Читаем Начало и становление европейской музыки полностью

Во-вторых, само слово «классика», проясняющее происходящее в литературе или архитектуре, в музыке сбивает с толку. Мы понимаем, почему классики Гёте или Пушкин – потому что они так же писали трагедии или лирику, как образцовые античные писатели, так же продумывали характеры, конфликты и обстоятельства. И пусть «характер» в эпоху Просвещения стал пониматься совсем иначе, чем прежде, все равно готовая сетка жанров и стилей удерживала прежнюю норму высказывания, превращая точность в мастерство. А что значит «классик Моцарт», если экспериментальны равно его оперы, симфонии да любые жанры, как экспериментально его частное и публичное поведение? А не зная содержание понятия «классика», невозможно развернуть историю искусства как смысловую последовательность.
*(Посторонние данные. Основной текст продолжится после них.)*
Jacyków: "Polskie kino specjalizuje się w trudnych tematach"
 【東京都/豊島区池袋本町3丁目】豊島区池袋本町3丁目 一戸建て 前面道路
Далее, историк музыки всегда склонен изучать музыку как преобразование идей в звуковые образы: ему или ей обыкновенно достаточно расширить круг идей, чтобы все традиции и новации музыки были объяснены. Легче всего написать, что средневековые сочинители и исполнители музыки знали Пифагора в изложении Боэция и знали, что ангелы поют и музицируют, во всяком случае, когда движут небесные тела. Так же легко написать, что Моцарт знал и перелагал масонские идеи, а Вивальди или Гайдн, сочиняя «Времена года», представляли те или иные живописные аллегории четырех элементов. Все это будут интересные построения, но проблема в том, что если о влиянии идей на литературу можно говорить, потому что литература сама заявляет, когда именно она дает выразительные образы и подражает живописи (ut pictura poesis), то все музыкальные «образы» и «идеи» – достояние лишь нашего слуха. Даже если композитор скажет вслух, какая отвлеченная мысль или, наоборот, какая в точности увиденная сцена его вдохновила, мы можем ему доверять не больше, чем исследователю, которого кофе вдохновляет к дальнейшим свершениям. Кроме того, идеи не сразу становятся достоянием культуры, и не получится ли, что мы припишем сочинителю развертывание той идеи, которая только позднее настолько стала достоянием образованного общества, чтобы ее можно было воспринять и в музыкальной форме?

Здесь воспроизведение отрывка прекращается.